The web version only has simple instructions since chapter 04, while the full book has detailed explanations and background info.

0103: Log Storage

Append-only logs

Like text logs, a database log only appends entries at the end of the file, and never modifies or deletes existing entries. Log entries record every update to the database. For example, a log with 4 records:

operation state
0 {}
1 set k1=x {k1=x}
2 set k2=y {k1=x, k2=y}
3 set k1=z {k1=z, k2=y}
4 del k2 {k1=z}

When the database starts, it reads the log and applies updates in order, producing the final state {k1=z}. This implements incremental updates.
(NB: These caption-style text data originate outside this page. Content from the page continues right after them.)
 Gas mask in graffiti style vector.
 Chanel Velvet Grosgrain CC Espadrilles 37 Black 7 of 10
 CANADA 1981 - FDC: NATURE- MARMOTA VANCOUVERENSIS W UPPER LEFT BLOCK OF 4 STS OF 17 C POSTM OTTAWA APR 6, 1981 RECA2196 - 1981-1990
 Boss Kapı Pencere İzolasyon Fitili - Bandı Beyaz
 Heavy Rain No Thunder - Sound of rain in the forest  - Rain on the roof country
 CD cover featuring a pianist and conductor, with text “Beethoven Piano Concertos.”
This is one reason to use a log. Other uses will appear later.

You may ask: how are old log records removed? This will be solved later: when the log reaches a certain size, it is merged into the main data structure (LSM-Tree or B+Tree).
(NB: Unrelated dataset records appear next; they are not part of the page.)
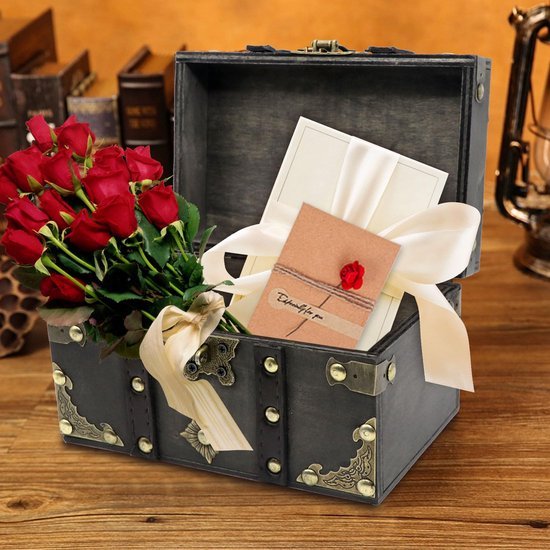 Ibenzoa® Vintage houten schatkist met slot voor opslag en decoratie, 18 x 11 x 10 cm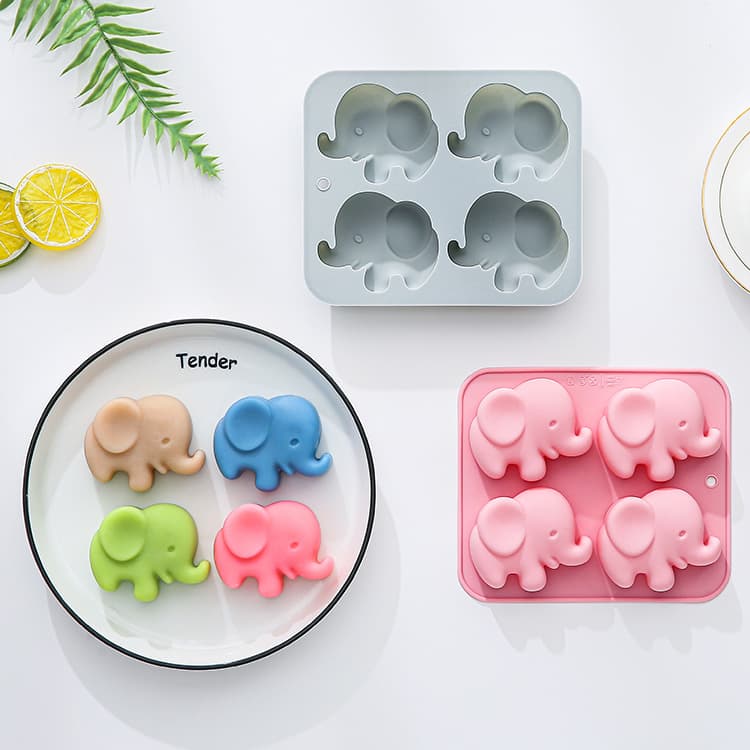 In Stock: 4-Piece Elephant-Shaped Cake Mold, Chocolate Baking Ice Tray Mold, Handmade Soap Animal Silicone Mold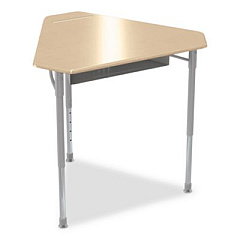 MooreCo Astute Hard Plastic Desk, 33.8" x 29.8" x 23.1" to 33.1", Fusion Maple, 2/Carton (59086)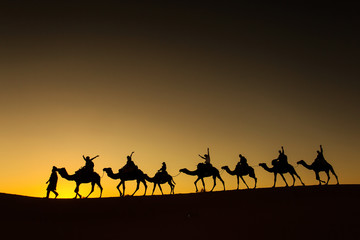 Sillhouette of camel caravan with happy peopple going through the desert at sunset with red sky in...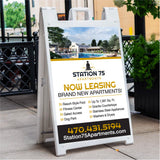 White Signicade sign with now leasing design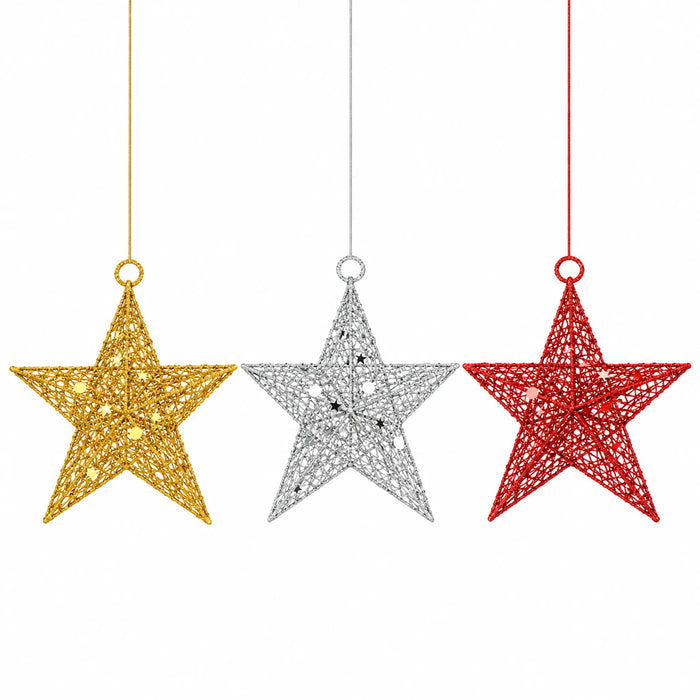 Glitter Mesh Hanging Christmas Star Ornament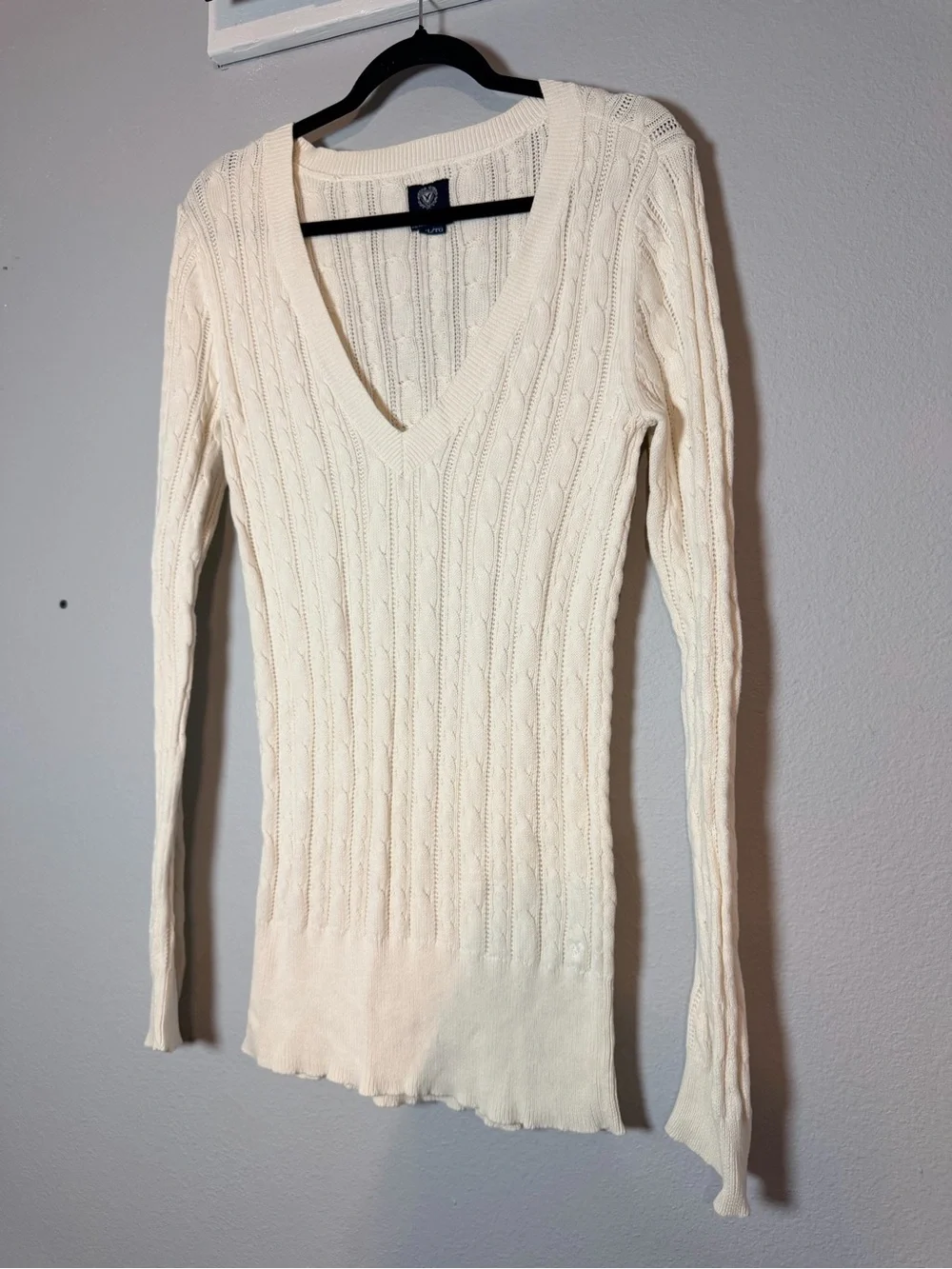American Eagle Cable Knit Tunic Sweater Size XL Cream V-Neck Bella Swan Y2K - Picture 4 of 8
The log records every state change. Even with concurrent transactions, as long as it is not a distributed system, state changes can be serialized in the log. So logs can be used for replication and rollback (undo). However, a log cannot grow forever, so it cannot be the main storage and is only auxiliary. A log is not strictly required; a database can also be built on copy-on-write data structures with log-like behavior.

Log records

From the example above, the log has 2 types of records: update and delete. So a flag is added to Entry to distinguish them.

type Entry struct {
    key     []byte
    val     []byte
    deleted bool
}

The serialization format becomes:

| key size | val size | deleted | key data | val data |
| 4 bytes  | 4 bytes  | 1 byte  |   ...    |   ...    |

Modify these 2 functions:

func (ent *Entry) Encode() []byte
func (ent *Entry) Decode(r io.Reader) error

Read and write the log file

Struct definition:

type Log struct {
    FileName string
    fp       *os.File
}

func (log *Log) Open() (err error) {
    log.fp, err = os.OpenFile(log.FileName, os.O_RDWR|os.O_CREATE, 0o644)
    return err
}

func (log *Log) Close() error {
    return log.fp.Close()
}

Log IO interfaces:

func (log *Log) Write(ent *Entry) error {
    _, err := log.fp.Write(ent.Encode())
    return err
}

func (log *Log) Read(ent *Entry) (eof bool, err error) {
    err = ent.Decode(log.fp)
    if err == io.EOF {
        return true, nil
    } else if err != nil {
        return false, err
    } else {
        return false, nil
    }
}

When the database starts, it repeatedly calls Log.Read() until the end of file. After that, each update calls Log.Write() to append to the end.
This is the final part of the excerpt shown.